EN-Test 2022 - new testsuite

Discussion of anything and everything relating to chess playing software and machines.

Moderators: hgm, Rebel, chrisw

Eduard
Posts: 1439
Joined: Sat Oct 27, 2018 12:58 am
Location: Germany
Full name: N.N.

EN-Test 2022 - new testsuite

Post by Eduard »

I created a new test suite for Engines. Neither the ERET test nor the Stockfish 2021 test suite satisfied me.

Test suite Stockfish-2021 contains many nonsensical positions. What should be useful in a position where the best move is +10 and the second best move is +7 (tested with Stockfish)? It doesn't really matter whether the engine wins with +10 or only with +7. There are positions in the ERET test that are irrelevant in practice. The test also contains positions with a secondary solution.

Examples:


[fen]8/7p/5P1k/1p5P/5p2/2p1p3/P1P1P1P1/1K3Nb1 w - - 0 1[/fen]


This position is even solved by some engines (including mine), but I still think it's useless in practice.


[fen]1k6/bPN2pp1/Pp2p3/p1p5/2pn4/3P4/PPR5/1K6 w - - 0 1[/fen]


This position is also pointless.


[fen]2b1r3/r2ppN2/8/1p1p1k2/pP1P4/2P3R1/PP3PP1/2K5 w - - 0 2[/fen]


Or this.

Some positions have good secondary solutions:


[fen]4r1k1/1r1np3/1pqp1ppB/p7/2b1P1PQ/2P2P2/P3B2R/3R2K1 w - - 0 28[/fen]

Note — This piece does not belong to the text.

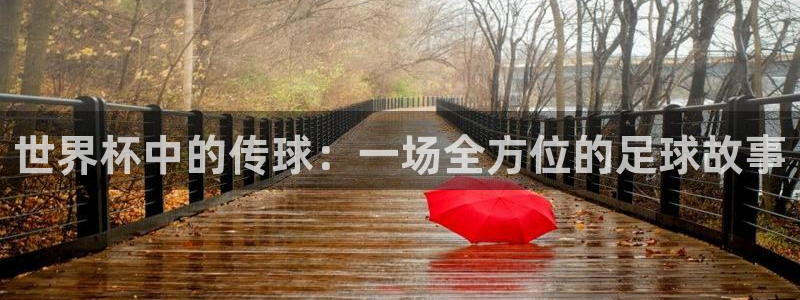 世界杯在线直播：世界杯中的传球：一场全方位的足球故事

Here Bg5 is just as good as Bg7 (ERET).

I wanted a test where all positions could be solved and corresponded to normal practice. So I have summarized the best positions for it from various test suites. I've added some interesting positions of my own that I've seen on the server in games. A test suite with 120 positions was created.

All of these positions were solved on my PC by some engine! The only question is: How much time do I give the engine? The test is intended to provide a rough estimate of the playing strength. That's why I won't test an engine with special settings like "Gold Drigger", not even in MV mode. It is about a rough assessment of the practical playing strength. I myself will test with 30s and 60s per position.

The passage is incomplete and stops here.